____ MATERIALS PROVIDED

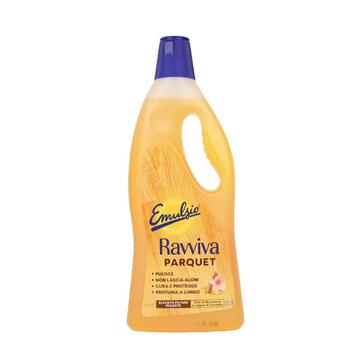 Detergente profumato Emulsio ravviva parquet con olio di argan 750 Ml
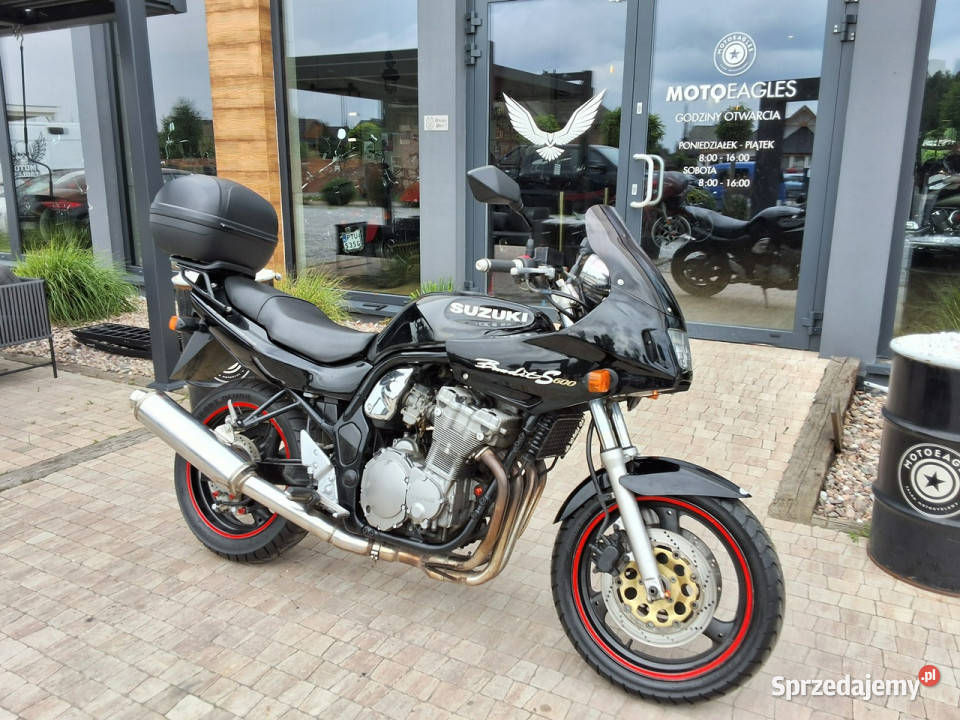 Suzuki Bandit Przepiękny CZYSTY I ZADBANY gsf Bicz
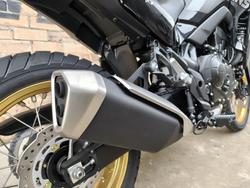 2025 HONDA XL750 TRANSALP DUAL PURPOSE BLACK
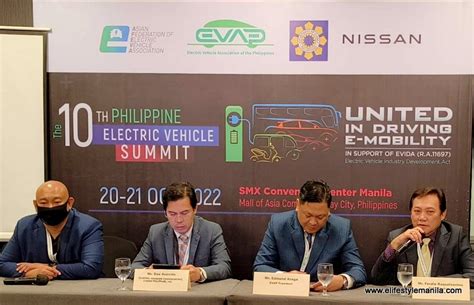 10th PH Electric Vehicle Summit invokes unity for faster electro .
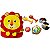Mochila de Instrumentos Musicais Fisher-Price - Kit Leão 4 Peças - Imagem 1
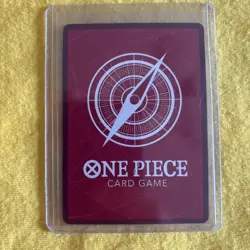 One Piece CCG Jewelry Bonney Alternative Art Parallel Holo - Image 2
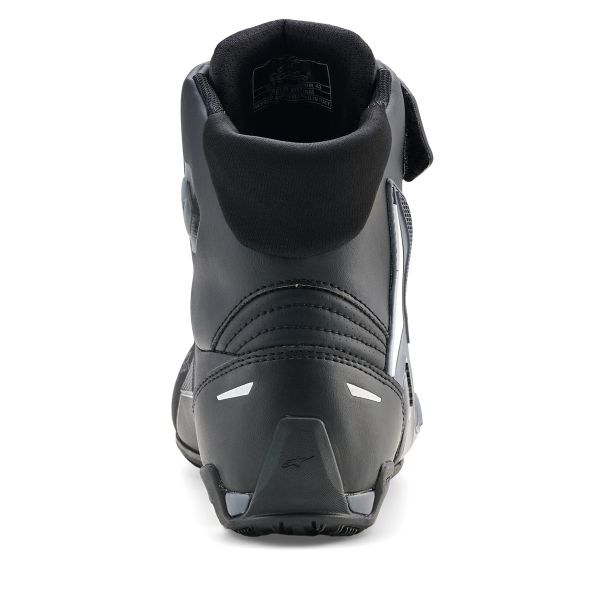 Alpinestars Faster 4 Drystar Black Cool Gray White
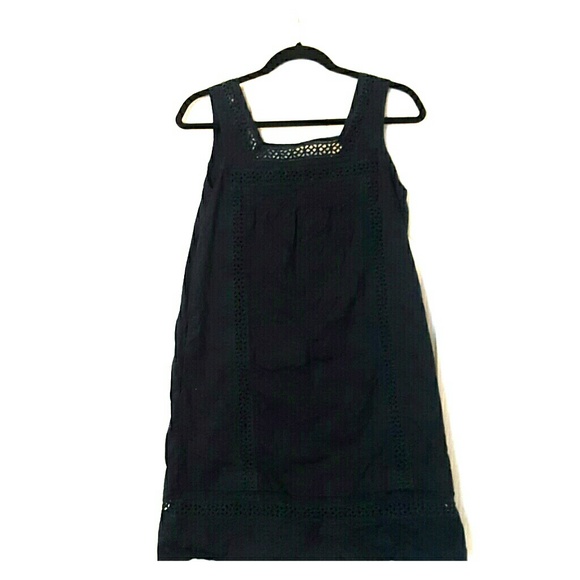 Dark Navy Dress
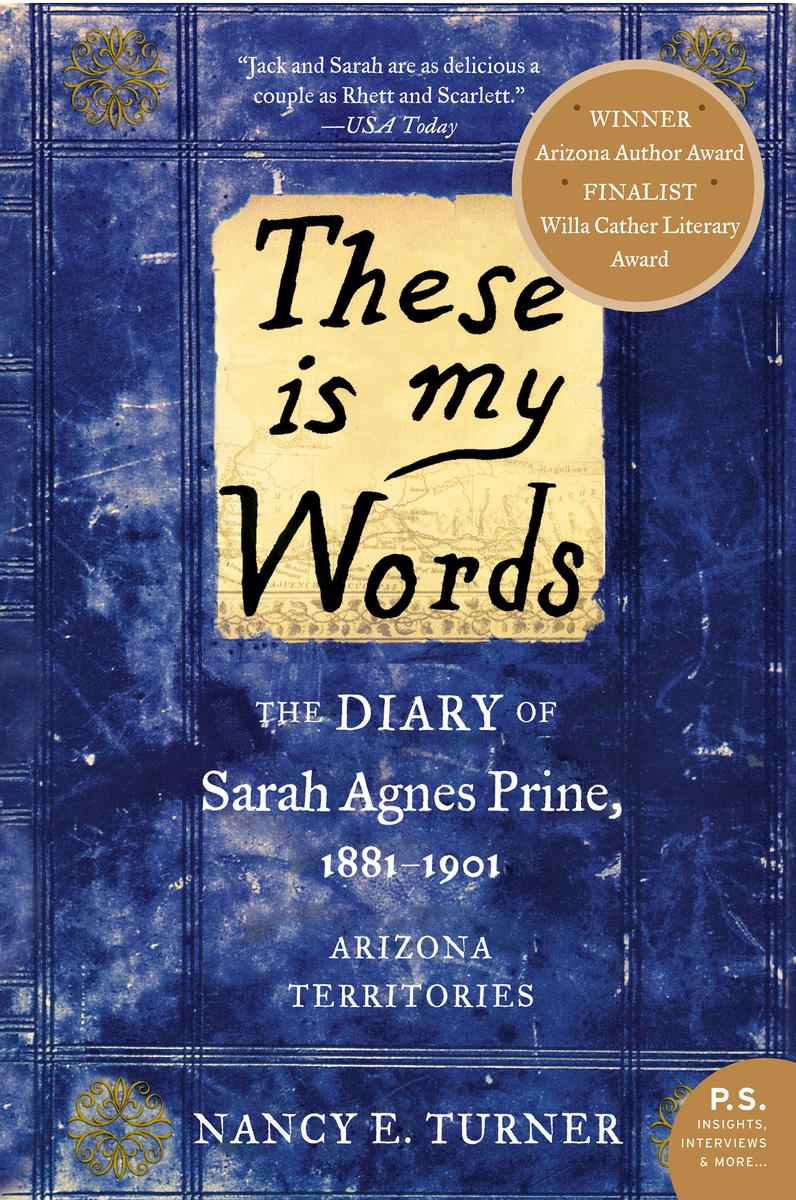 these is my words the diary of sarah agnes prine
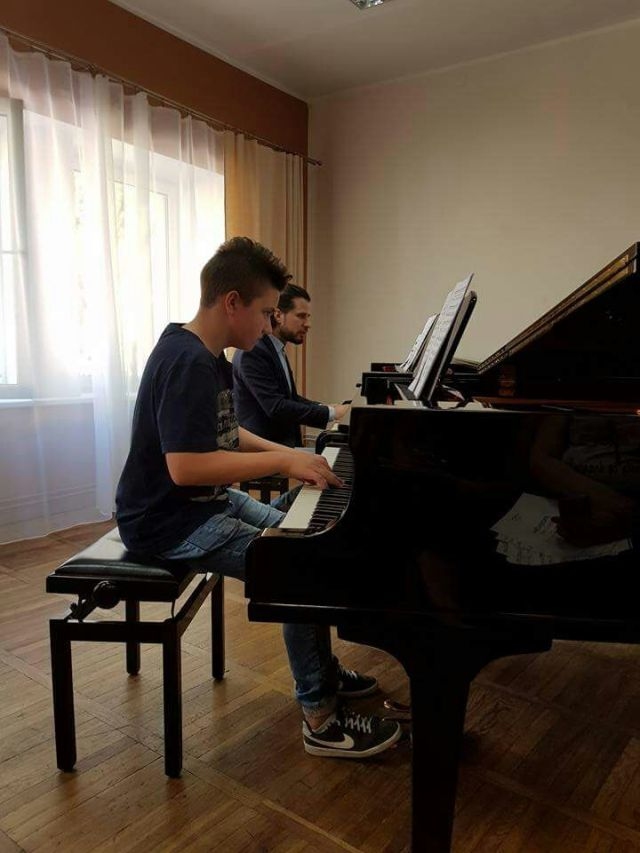 Nīcas mūzikas skolas audzēkņi piedalās kārtējās meistarklasēs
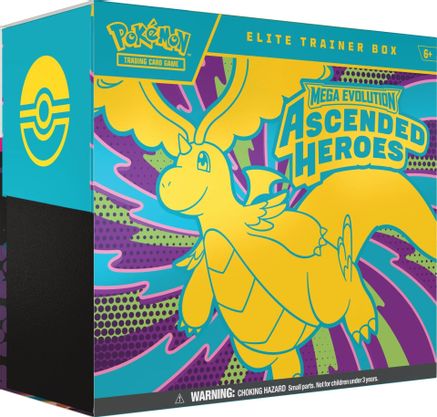 [LIMIT 1] Ascended Heroes Elite Trainer Box - Trinity Hobby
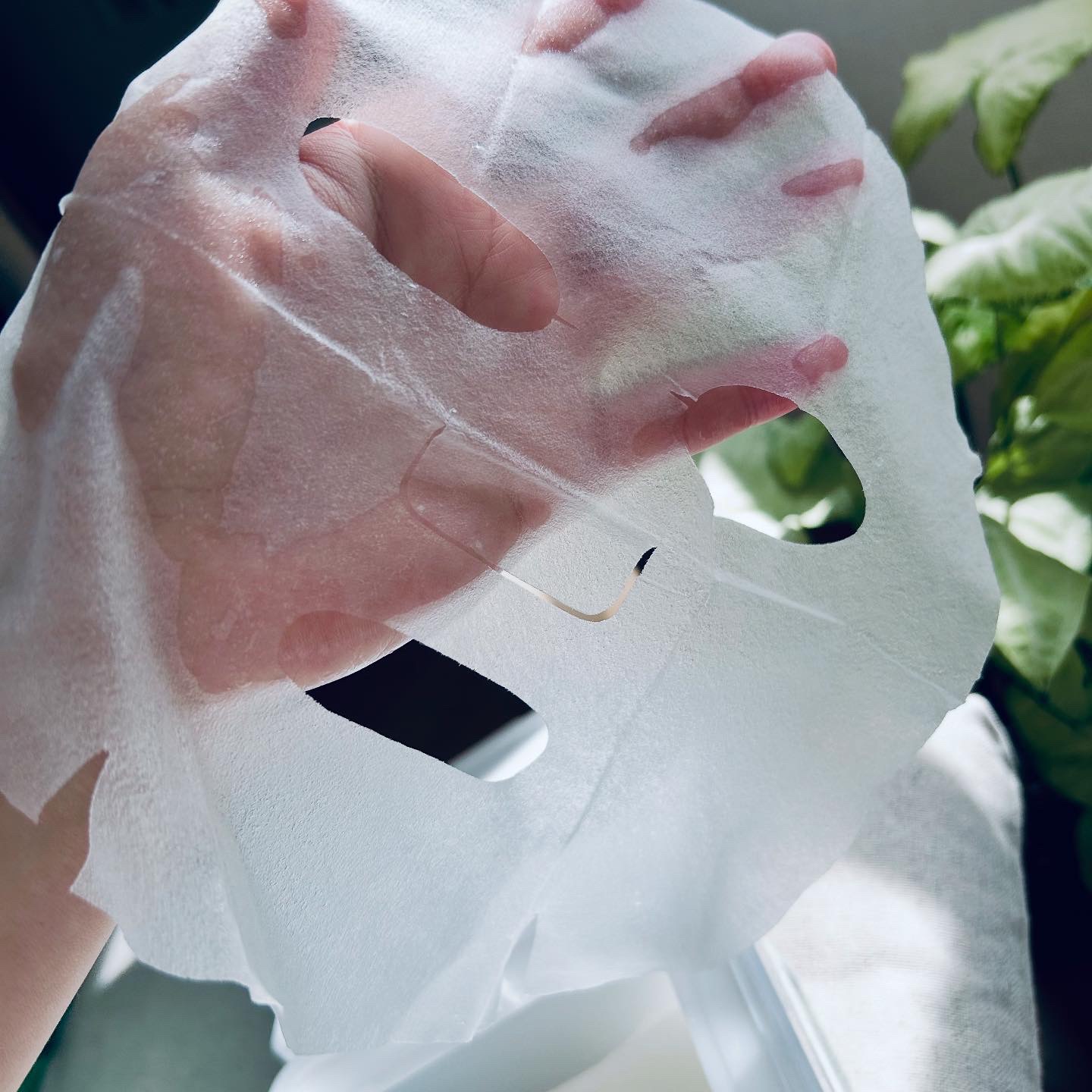 レッドブレミッシュクイックPHAシートマスク/Dr.G/シートマスク・パックを使ったクチコミ（2枚目）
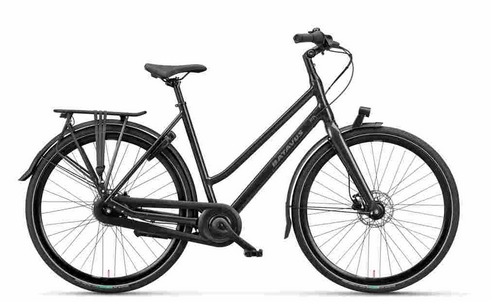Batavus Dinsdag Dames 2022 Zwart glans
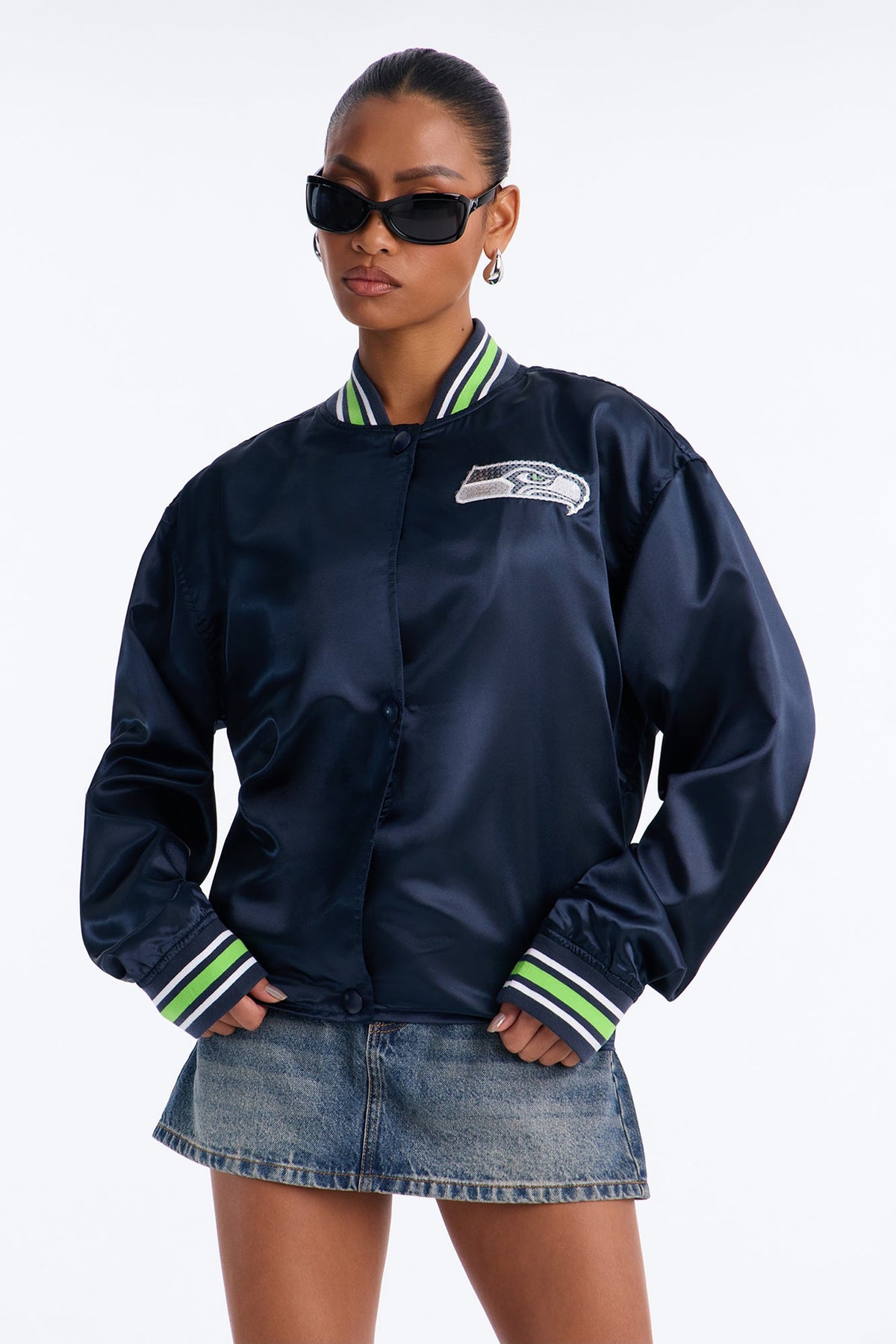 NFL Seahawks Jacket - Navy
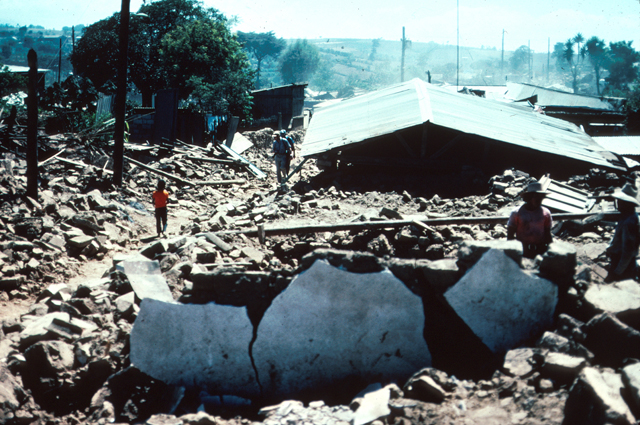 Patzicia Guatemala 1976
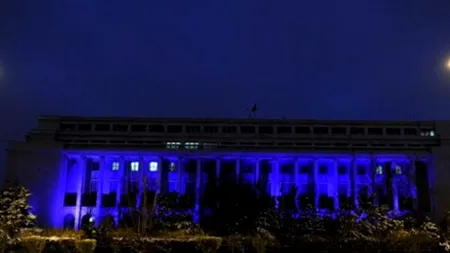 Motivul pentru care Palatul Victoria va fi iluminat albastru. La fel se întâmplă cu Turnul din Pisa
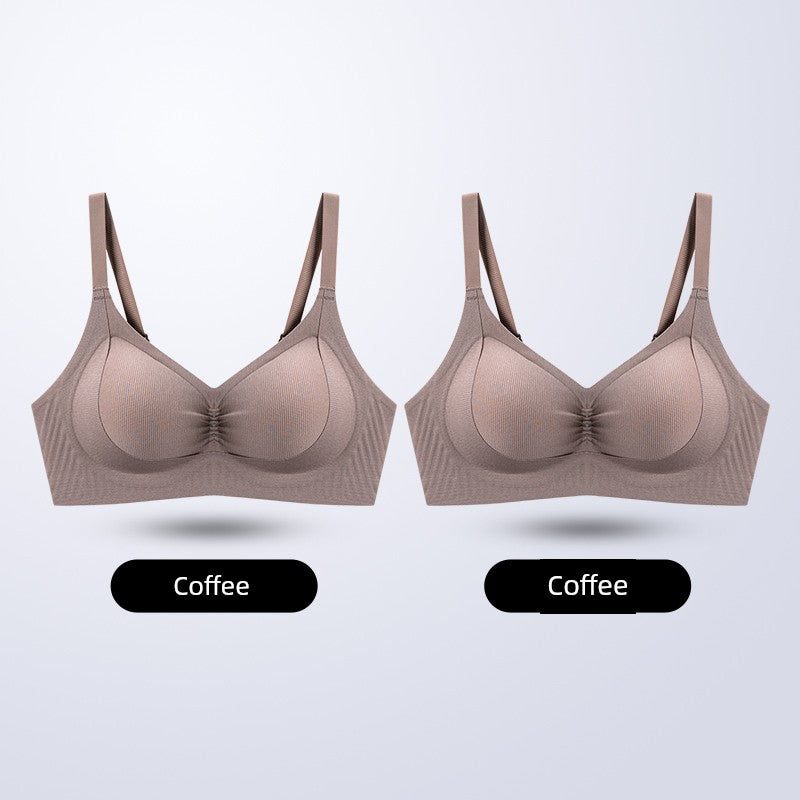 Cat Shop Boys - Lifting Push up Women's Intimates Breast Holding Sexy Plaid Push - up Adjustable Comfortable Breathable Push - up Bra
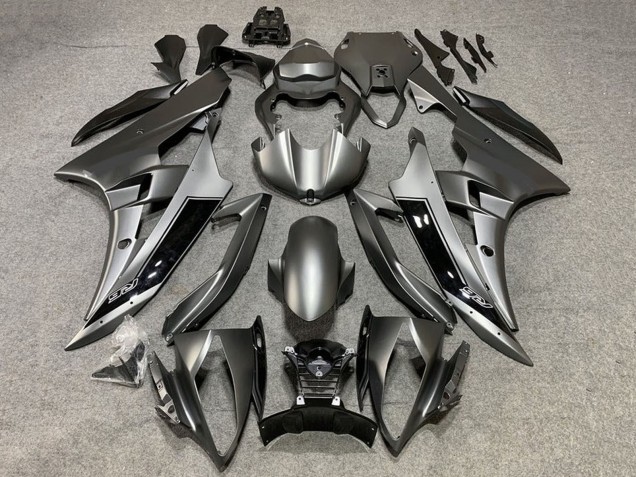 Discount 2008-2016 Matte Grey Glossy Black Yamaha YZF R6 Motorcycle Fairings Canada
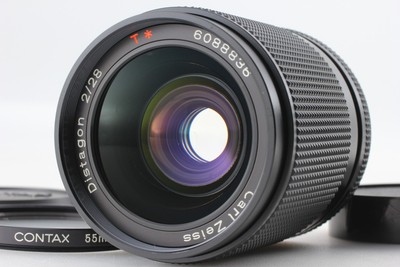Near MINT】 Contax Carl Zeiss Distagon 28mm f/2 T* AEG C/Y Mount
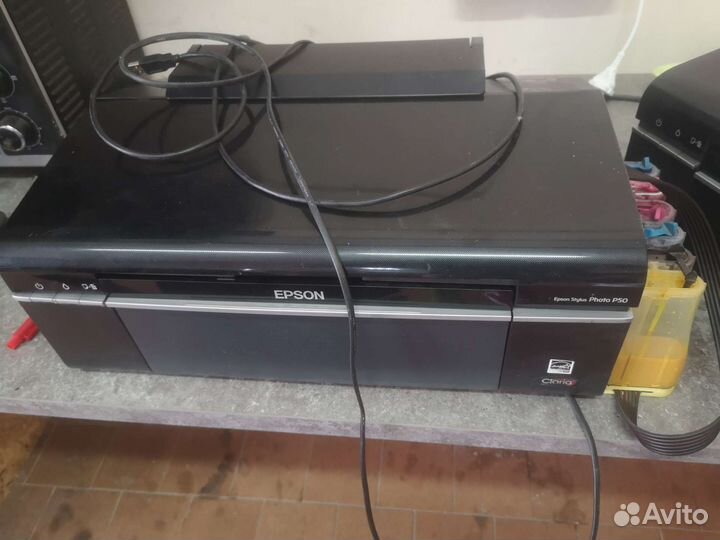 Принтер epson p50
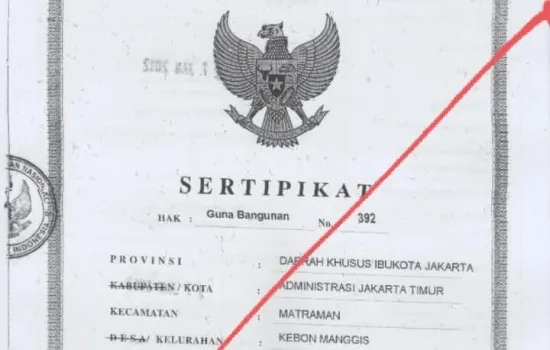 Tanah raya matraman strategis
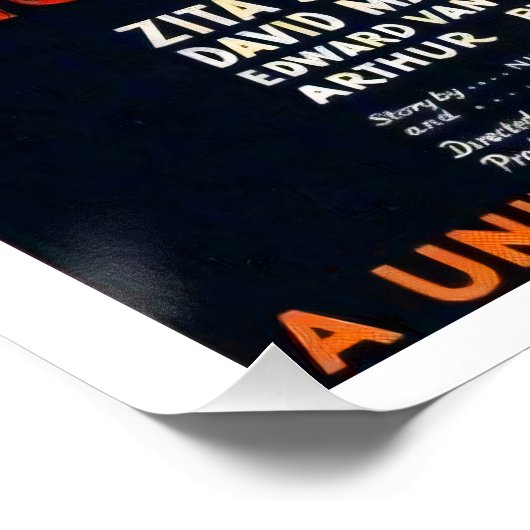 Monster Movie Poster The Mummy (Hoek)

________

__THE TASK__. Everything from the line containing "these is my" through the last line of the records above is to be reproduced exactly, except the pictures.

__EXERCISE RESPONSE__.
 these is my words the diary of sarah agnes prine
 Nīcas mūzikas skolas audzēkņi piedalās kārtējās meistarklasēs
 [LIMIT 1] Ascended Heroes Elite Trainer Box - Trinity Hobby
 レッドブレミッシュクイックPHAシートマスク/Dr.G/シートマスク・パックを使ったクチコミ（2枚目）
Batavus Dinsdag Dames 2022 Zwart glans
 NFL Seahawks Jacket - Navy
 Patzicia Guatemala 1976
 Motivul pentru care Palatul Victoria va fi iluminat albastru. La fel se întâmplă cu Turnul din Pisa
 Cat Shop Boys - Lifting Push up Women's Intimates Breast Holding Sexy Plaid Push - up Adjustable Comfortable Breathable Push - up Bra
 Discount 2008-2016 Matte Grey Glossy Black Yamaha YZF R6 Motorcycle Fairings Canada
Near MINT】 Contax Carl Zeiss Distagon 28mm f/2 T* AEG C/Y Mount
 Принтер epson p50
 Tanah raya matraman strategis
 Monster Movie Poster The Mummy (Hoek)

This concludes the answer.